Finding the Sweet Spot

Users tend to respond negatively to in-software advertisements (if they respond at all). By monetizing downloads, developers and publishers are under less pressure to advertise within their software, thereby improving the user experience.

Monetizing downloads provides an ideal middle ground for both creators and consumers. Users are accustomed to waiting during installations–ads inside the installation are generally not considered intrusions when compared to traditional ad types like interstitials. The download process falls outside of what is typically considered ‘the user experience’. Serving advertisements during this brief period helps maintain the delicate balance of paying developers and publishers, while not muddying UX.

The Advertiser Side

Gathering an Audience

What is the value of a single free user?

This question sounds a bit paradoxical, doesn’t it? But don’t overlook it; the information contained in this inquiry forms the basis of the pay per installation revenue model, and most of the online software industry as a whole.

The trend in the software industry is moving steadily towards favoring freemium software.
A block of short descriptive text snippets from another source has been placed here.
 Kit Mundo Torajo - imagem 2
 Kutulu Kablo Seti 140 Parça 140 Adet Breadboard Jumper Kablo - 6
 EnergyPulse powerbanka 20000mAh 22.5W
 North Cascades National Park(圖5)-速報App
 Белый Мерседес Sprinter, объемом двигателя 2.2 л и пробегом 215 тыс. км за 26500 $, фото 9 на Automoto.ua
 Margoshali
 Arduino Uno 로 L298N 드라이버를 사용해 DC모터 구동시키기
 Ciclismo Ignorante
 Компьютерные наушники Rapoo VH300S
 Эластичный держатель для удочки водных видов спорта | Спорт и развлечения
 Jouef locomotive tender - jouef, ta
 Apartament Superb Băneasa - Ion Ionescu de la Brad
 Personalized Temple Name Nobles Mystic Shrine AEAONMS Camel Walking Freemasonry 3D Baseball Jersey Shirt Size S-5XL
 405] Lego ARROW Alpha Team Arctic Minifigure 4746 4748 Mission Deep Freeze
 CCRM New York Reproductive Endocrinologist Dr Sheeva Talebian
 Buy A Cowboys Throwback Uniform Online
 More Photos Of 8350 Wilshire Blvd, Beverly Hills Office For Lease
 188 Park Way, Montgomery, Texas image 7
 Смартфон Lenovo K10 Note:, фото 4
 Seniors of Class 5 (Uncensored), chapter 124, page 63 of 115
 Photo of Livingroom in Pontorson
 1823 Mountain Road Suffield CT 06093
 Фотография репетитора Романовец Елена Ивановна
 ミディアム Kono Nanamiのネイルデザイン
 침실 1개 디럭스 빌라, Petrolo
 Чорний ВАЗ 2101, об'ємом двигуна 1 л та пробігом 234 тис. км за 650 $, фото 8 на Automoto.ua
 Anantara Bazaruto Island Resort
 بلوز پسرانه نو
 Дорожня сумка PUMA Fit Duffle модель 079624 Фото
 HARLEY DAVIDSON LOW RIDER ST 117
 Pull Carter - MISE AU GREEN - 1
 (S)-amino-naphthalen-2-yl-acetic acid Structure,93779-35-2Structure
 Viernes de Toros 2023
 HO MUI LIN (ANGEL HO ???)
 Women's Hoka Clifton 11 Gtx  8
As the availability of high quality software increases, users are less willing to make an initial payment.

So the obvious question arises, how do software companies make money? Of course, if you’re reading this article, you know that for software publishers we recommend monetizing the download, but for an advertiser the story is slightly more complicated.

Once a user has installed free software, there are two primary ways in which they can monetize the user. One is by serving ads during the software user experience, putting the software in the category of adware. Although the term carries a less-than-perfect connotation, it still implies using banner displays (the world’s most ubiquitous form of advertising) and it allows the developers to put food on the table. In this case it is in the developers’ best interest to have the user spend a lot of time on the software, as they are paid each time they can show an ad. More usage, more time for ads.

The second way is through upgrades or in-software purchases. The free software in this category is often referred to as ‘freemium’ because although some of the basic features are free, to get the full value of the software you need to pay a fee.

It is also common to see a combination of both methods–in some cases a perk of upgrading might be that the software stops showing you ads.

There is no shortage of creative methods for monetizing, but a sound strategy and reliable measurement in this stage is critical to turning a profit. Even minute changes in appearance and UX can have a drastic impact on the fate of your software.

So now that we have some strategies for monetizing users after they have the software installed on their device, let’s determine the price we are willing to pay for each download.

How to Calculate the Value of a Single Free User

For the sake of simplicity, let’s say the example software only monetizes through a paid upgrade. To calculate PPI, we first need to determine the value of a single free user. To do this, we take the number of paid users, divide this number by the total number of installations, and then multiply that figure by the profit generated from one user.

For example, let’s say your product gets installed 1,000 times, 15 users upgraded, and the profit from each upgrade was $20. So,

15 (upgrades) / 1,000 (installations) = .015 (average upgrades per installation)

And then,

.015 (average upgrades per installation) x 20 ($ profit for each upgrade) = .3 (value of a single free user)

Easy, right?

Calculating PPI

Now that we know the average amount of value for each free user ($.30 in our example), we can figure out our PPI, or in other words, how much we as advertisers are willing to pay for a free user through a software download.

At the end of the day, to make free software profitable, companies must surpass the point where they are making more revenue from their free users than it costs to acquire them.

This concept runs through all advertising mediums, and it is particularly pronounced in the online market where analytics are so precise.

So if we know our value for a single free user is $.30, then logically we would be willing to pay anything up to $.30 for each installation. The further below $.30 that we can pay for each user, the more profit we’ll earn.


As you can imagine, advertisers want to pay less for each installation, while publishers want to be paid more. Part of the job of an installation platform is to mediate between these two forces to come up with a sustainable, profitable system.